Topical Information

This lab will help you practice with classes.

Program Information

From time to time in programming, it comes in handy to be able to determine how long it takes/took to perform a certain action(s). (See, for instance, the sort timing lab.)

You are to write a class which will allow an easy interface to the computer's timing facilities. When you first create a Timer object, it should be set to a 'stop' state. When the programmer wants to use it to time something, they can call the start() method before the 'something' executes and then call the stop() method afterward the 'something' finishes. To determine how long the 'something' took, they'll call the elapsed() method. This elapsed time will be reported in (whole) seconds.

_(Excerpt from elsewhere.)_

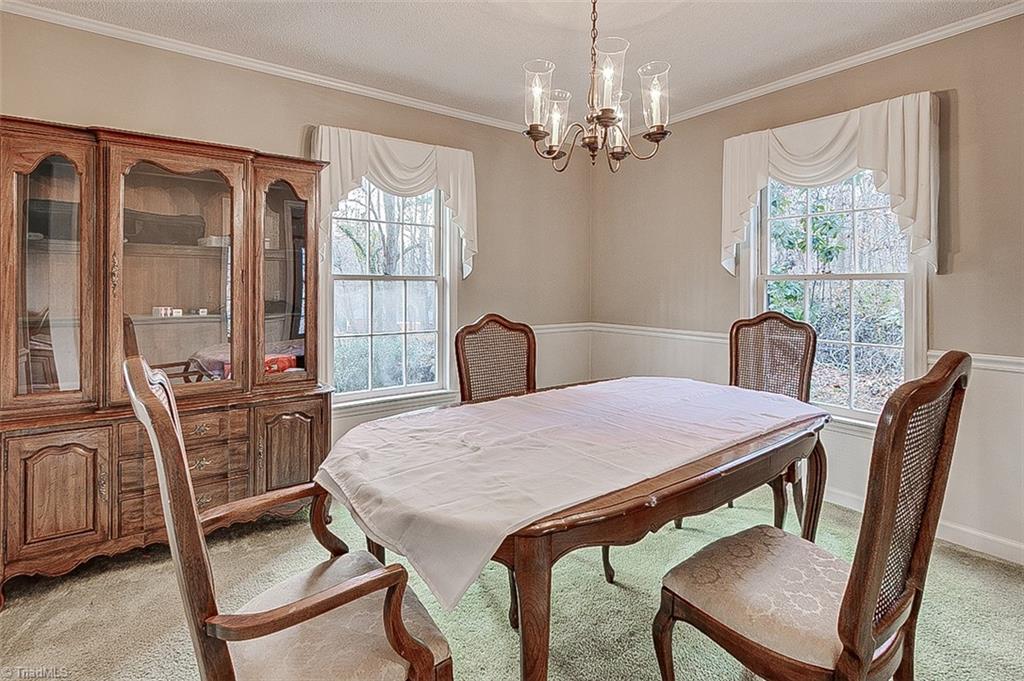 1211 Canterbury Trail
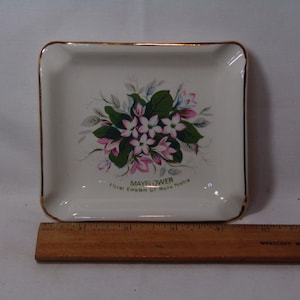 Vintage Ashtray - Mayflower Floral Emblem Of Nova Scotia Canada - Lord Nelson Pottery England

Unfortunately, this describes extremely simple operation and may not suit all programmers' needs. To allow more general usage of the class, we'll also allow the programmer to start the timer at the object's declaration. We'll also allow the programmer to get the elapsed time whether the timer is still running or not. Finally, we'll provide an output() method so the programmer can directly print the currently elapsed time without having to retrieve it separately.

In addition, allow the programmer to subtract() and add() two Timer objects to receive a Timer object that is the difference/total of the original two Timers' currently elapsed times. (The resulting object should not be running.)

Then we have to boobie-proof the class. Make sure that things work correctly if the programmer tries to get/print the elapsed time of a Timer object which has never been started. Make sure nothing goes wrong if the programmer tries to stop a Timer object that isn't currently running.

We won't need a reset() method since the programmer can simply call start() again to start over...

Finally, place your Timer class in a library and write a test application that makes sure it is working properly. The easiest way would be to print the current system time, start the Timer, and ask the tester to wait for a while before hitting Enter. Then, when they do hit Enter, stop the Timer and print both the Timer's elapsed seconds and the system time. Then the tester can check the elapsed time for themselves. Place this interaction in a yes/no loop so the tester can repeat the testing easily by simply saying 'yes' or 'no' to your question of whether or not to continue. (Of course, IGWOS that your loop should allow the tester to enter either y/n or the full words yes/no. But don't worry about them typing 'yellow' or 'Naugahyde' or whatever.)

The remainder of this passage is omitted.